» EXERCISE BRIEF: Reproduce exactly the lines below, starting with the line that contains "Aparthotel Ostseeallee Aparthotel" and ending with the last line of the records, both included, and nothing else.

Records excerpted from a collection:

↓↓↓

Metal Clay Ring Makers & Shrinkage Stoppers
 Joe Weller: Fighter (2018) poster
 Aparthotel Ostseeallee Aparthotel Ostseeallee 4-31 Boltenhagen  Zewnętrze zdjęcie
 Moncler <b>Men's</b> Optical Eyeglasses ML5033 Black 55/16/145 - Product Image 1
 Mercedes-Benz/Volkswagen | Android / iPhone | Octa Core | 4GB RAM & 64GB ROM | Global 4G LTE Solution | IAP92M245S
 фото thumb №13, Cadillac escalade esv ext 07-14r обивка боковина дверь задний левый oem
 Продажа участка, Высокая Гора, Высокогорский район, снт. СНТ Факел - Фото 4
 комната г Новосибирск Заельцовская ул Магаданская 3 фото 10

↑↑↑

» RESPONSE AREA:
 Aparthotel Ostseeallee Aparthotel Ostseeallee 4-31 Boltenhagen  Zewnętrze zdjęcie
 Moncler <b>Men's</b> Optical Eyeglasses ML5033 Black 55/16/145 - Product Image 1
 Mercedes-Benz/Volkswagen | Android / iPhone | Octa Core | 4GB RAM & 64GB ROM | Global 4G LTE Solution | IAP92M245S
 фото thumb №13, Cadillac escalade esv ext 07-14r обивка боковина дверь задний левый oem
 Продажа участка, Высокая Гора, Высокогорский район, снт. СНТ Факел - Фото 4
 комната г Новосибирск Заельцовская ул Магаданская 3 фото 10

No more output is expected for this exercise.